Animal Crossing: Pocket Camp Review
- Name: Animal Crossing: Pocket Camp
- Developer: Nintendo
- Genre: Simulation
- Price: Free, with IAPs
- Installed size: 333 mb
- Best played in short-medium sessions
- Connection issues & minor bugs experienced
- Playable Offline: No
What is Animal Crossing: Pocket Camp
Animal Crossing: Pocket Camp is the latest entry in Nintendo’s Animal Crossing franchise of virtual village simulation games. Players in Pocket Camp are tasked decorating a campsite by crafting different pieces of furniture and decorations. They obtain materials by doing tasks for the characters they encounter in the game. Tasks are as simple as giving a character an apple that you can get by shaking a tree. As a reward you get bells (basic currency), crafting materials, and your relationship with that character improves. If your relationship is high enough and you have the right decorations, that character can be invited to visit your camp.
Players will meet characters in the game’s four primary locations. Players can also gather fruit, fish, collect bugs, and pick up seashells at these locations. Beyond these activities, players can visit the market and buy new items to help customize their characters and upgrade or customize their camper.
Animal Crossing: Pocket Camp is a game that feels hollow. While there is definitely the potential for a good game here, it’s hampered by an extremely simple gameplay cycle. In Pocket Camp players will visit a character, befriend that character by completing simple tasks, build furniture to attract that character to their camp, and then repeat that cycle with the next character. There’s no increase in difficulty, there’s no increase in rewards, and there’s no real incentive to keep playing the game beyond leveling up and unlocking more stuff to craft. While previous Animal Crossing games had a sense of discovery, Pocket Camp feels like a grind.
While the game does feel hollow, it’s not all bad. This is a game that still has a lot of the charm present in previous Animal Crossing games. The characters you encounter are all cute, there’s plenty of randomly funny dialog, and the series’ art style translates well to mobile. While it doesn’t quite have the robust social features or variety of decorations of a game like Home Street, Pocket Camp does sport a wide variety of decorations and more social features than most Nintendo games.

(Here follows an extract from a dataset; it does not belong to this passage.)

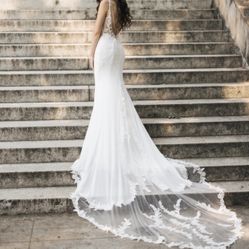 Weddjng dress for sale 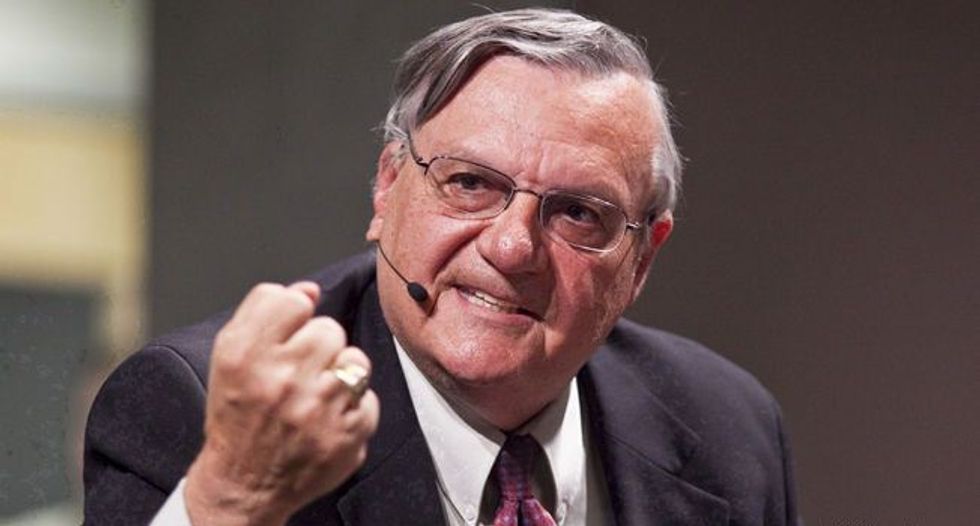 Kickstarter For Joe Arpaio To Crush His Enemies Like Cockroaches They Are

If you go into this game anticipating the same Animal Crossing experience you’ve come to expect from the series’ portable and console entries, you will be disappointed. There is no doubt that Pocket Camp is Animal Crossing stripped down to the basics. That being said, if you’re looking for a mobile game that captures the aesthetics of Animal Crossing and simplifies the experience while maintaining the charm of the various animals you encounter, Pocket Camp delivers.